### DATA IN THIS EXERCISE
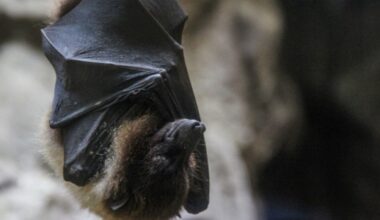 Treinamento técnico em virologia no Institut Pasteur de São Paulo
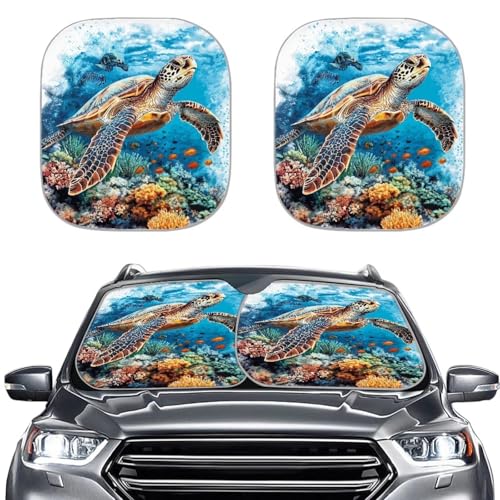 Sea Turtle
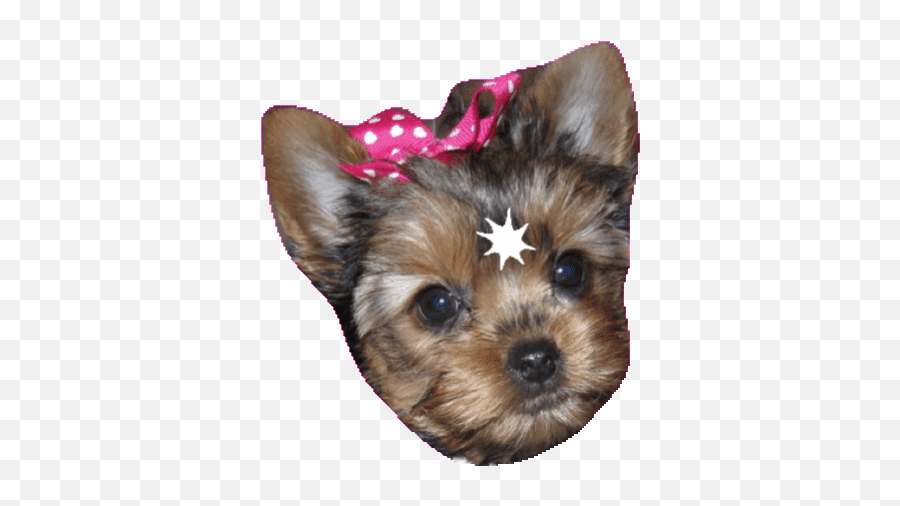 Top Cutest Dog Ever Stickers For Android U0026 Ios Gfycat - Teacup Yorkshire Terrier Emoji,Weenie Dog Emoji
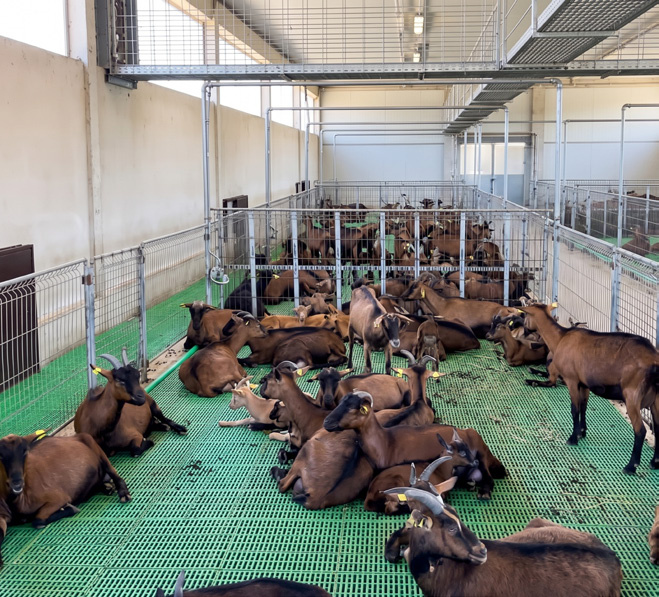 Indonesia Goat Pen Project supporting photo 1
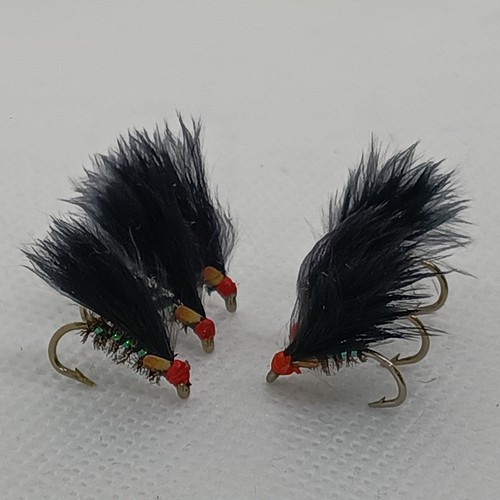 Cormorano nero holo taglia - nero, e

### PROBLEM DESCRIPTION
Copy each record exactly. Leave any images out of the copy.

### TASK RESULT
 Treinamento técnico em virologia no Institut Pasteur de São Paulo
 Sea Turtle
 Top Cutest Dog Ever Stickers For Android U0026 Ios Gfycat - Teacup Yorkshire Terrier Emoji,Weenie Dog Emoji
 Indonesia Goat Pen Project supporting photo 1
 Cormorano nero holo taglia - nero, e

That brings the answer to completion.